Dad bought me a lionel 19142-100 train set and a 8111 diesel when I was 7yrs old and run it every Christmas since.
I’m 64 now and in 2024 rekindled a love for my 19142-1000 train set, Iadding a 2018 steam locomotive and a dozen rolling stock.
I have recently researched what I have and learned quite a bit on (Primarily Lionel) history and. Feel i have moved from beginner to amateur in a short time.
My question here is:
I see the term “Lube” used differently or loosely with some sites. I understand gears, axle take grease and other mechanism take oil.
Does the term “Lube” mean something else or just a verbal preference?
Apologize for the rookie question, just for my piece of mind.
‘Lube’ is short for ‘lubrication’, which is the use of materials and techniques to reduce friction and wear. The catchall term for the agents used is ‘lubricants’.
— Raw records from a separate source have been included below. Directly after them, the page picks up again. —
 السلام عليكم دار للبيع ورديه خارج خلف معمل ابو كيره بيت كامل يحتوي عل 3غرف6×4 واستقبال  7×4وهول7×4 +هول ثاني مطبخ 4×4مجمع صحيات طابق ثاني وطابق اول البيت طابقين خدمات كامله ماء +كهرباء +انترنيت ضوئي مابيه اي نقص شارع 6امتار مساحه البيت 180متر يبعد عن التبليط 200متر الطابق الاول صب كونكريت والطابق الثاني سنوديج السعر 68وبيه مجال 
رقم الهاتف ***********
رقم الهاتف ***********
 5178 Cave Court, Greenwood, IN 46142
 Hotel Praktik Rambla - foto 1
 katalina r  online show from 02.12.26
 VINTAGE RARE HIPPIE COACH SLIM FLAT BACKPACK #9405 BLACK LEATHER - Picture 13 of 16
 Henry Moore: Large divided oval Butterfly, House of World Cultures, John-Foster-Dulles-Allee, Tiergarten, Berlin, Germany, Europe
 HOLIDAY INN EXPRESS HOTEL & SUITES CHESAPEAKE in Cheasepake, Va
Semantically this is a bit like the use of ‘weapon’ instead of ‘gun’ in military-industrial-intelligence-speak: a way to be “precisely imprecise”. The correct type of lubrication for one application may not be suitable at all for another, but the underlying principle is the same. Note that there is actually an even-nerdier term for the study of lubrication: tribology.
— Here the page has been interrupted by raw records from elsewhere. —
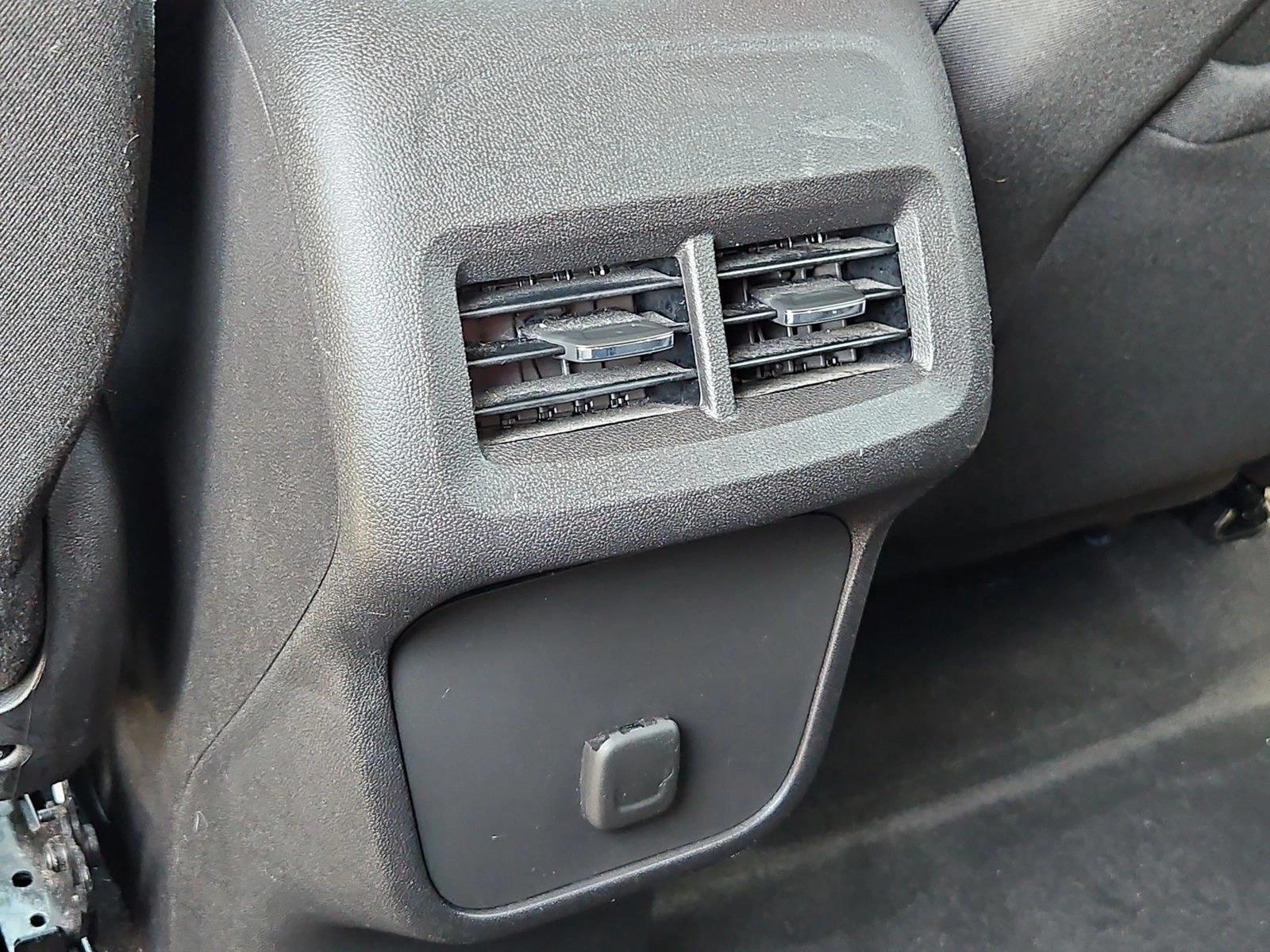 2018 Chevrolet Equinox LT - Photo 24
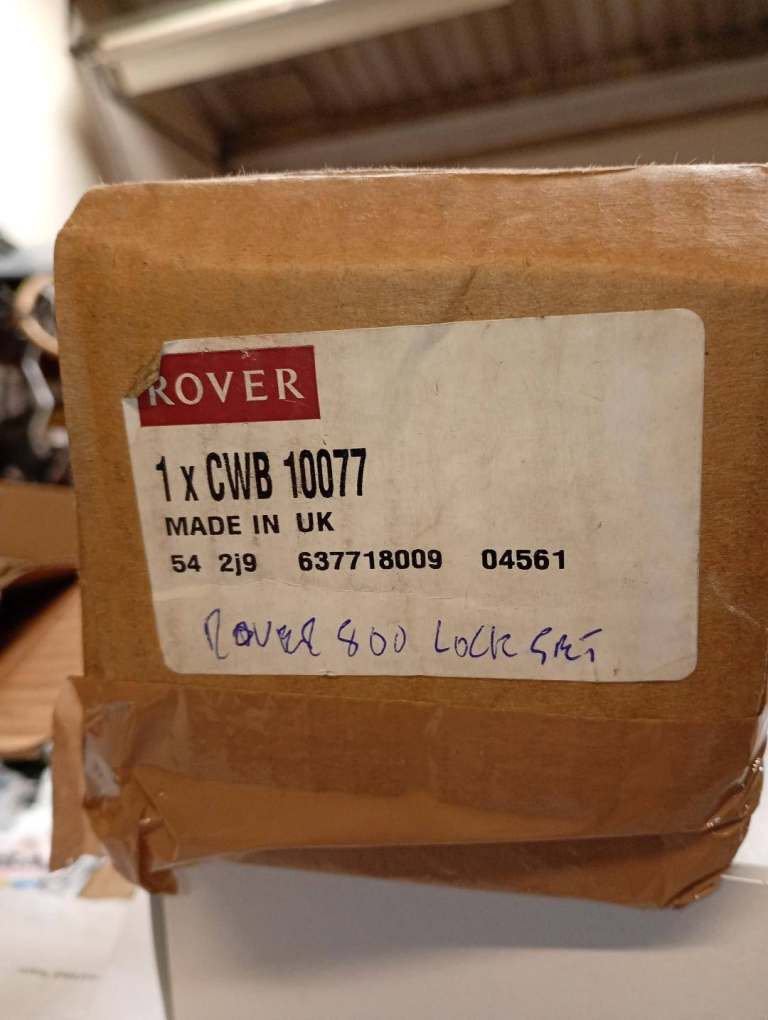 CWB10077 ROVER 800 LOCK SET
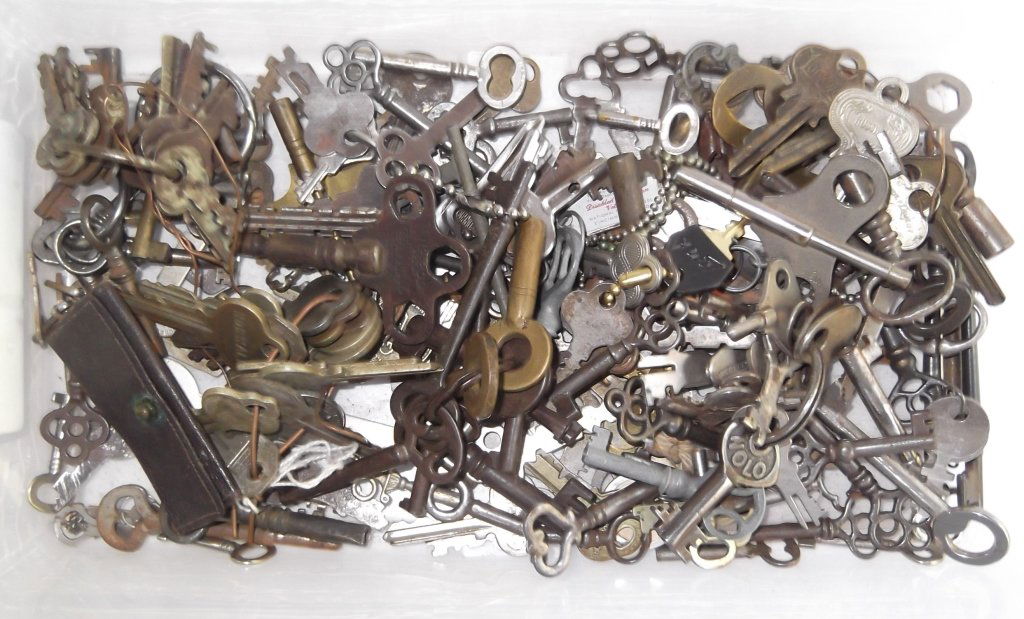 Large collection of assorted keys (1 of 6)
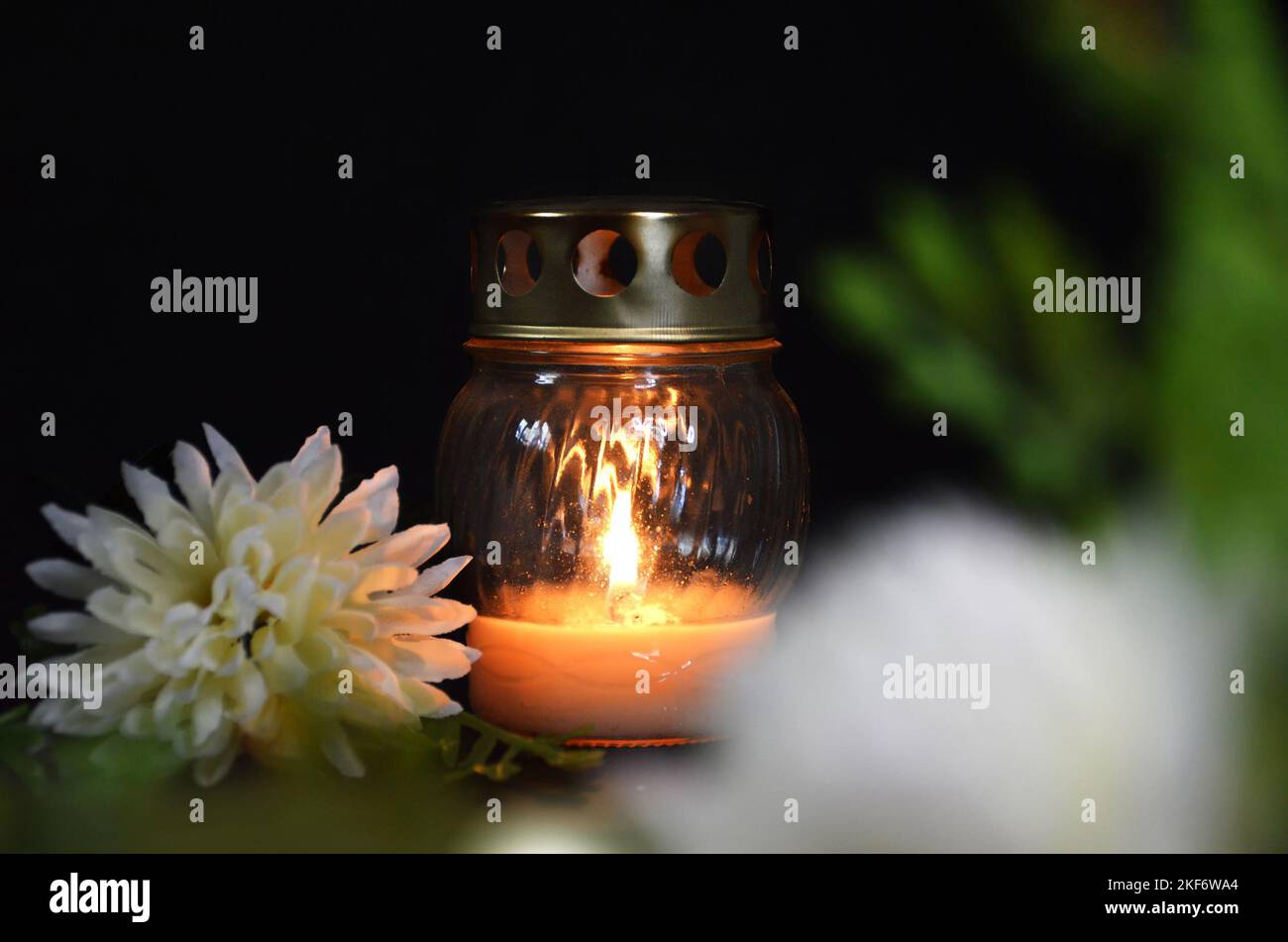Carte de condoléances avec bougie et chrysanthème blanc sur fond sombre Banque D'Images
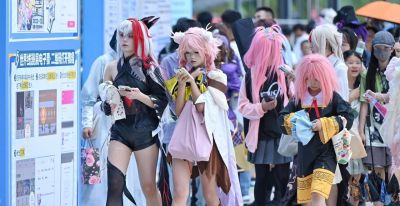 不被理解的热爱：如何评价年轻人追捧的二次元与cosplay - 图画吧TUHUABA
We can always say ‘grease the gears’ or ‘oil the bearings’ as appropriate; we can specify the precise type of, say, LaBelle lubricant by number just as we can order combo meals by number, without having to describe the type’s characteristics. When I work on watches, I have up to six distinct types of lube that are custom-formulated to work best for particular parts in particular types of mechanism – how much of this is European snake oil to sell insanely-expensive-by-the-ounce bottles of potion, I have never been wholly sure.
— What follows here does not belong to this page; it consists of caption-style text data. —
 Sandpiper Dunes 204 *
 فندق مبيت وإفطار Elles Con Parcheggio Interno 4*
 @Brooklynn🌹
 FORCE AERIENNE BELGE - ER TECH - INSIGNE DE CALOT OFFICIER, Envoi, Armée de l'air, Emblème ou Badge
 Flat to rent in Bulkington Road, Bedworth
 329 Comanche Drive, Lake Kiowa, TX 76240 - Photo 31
Something to think carefully about is how much lubricant is needed to accomplish proper ‘lubing’. In watch work, almost the minimum amount to accomplish the desired purpose is used – we have tiny oilers with precisely-shaped tips to facilitate this. Any ‘excess’ becomes a dust and contaminant trap, and as the lubricant ages it can harden, gum, or acidify into something that can become worse than no lube at all. Real diesel-electric locomotive traction motors use a fairly large amount of sticky lubricant (formerly known as ‘crater’ and one of the most execrable substances to get on you even in tiny quantities) to prevent expensive gear wear under heavy line load, and you often see hobbyists or even manufacturers applying this ‘principle’ to complex gear trains by filling up much of the available space with grease, where proper thinking would only lightly touch the engaging faces and pivots of the gears and worms. On the other hand, in older O scale applications, the gears are designed for more lube in a ‘bath’ for longer service under greater load.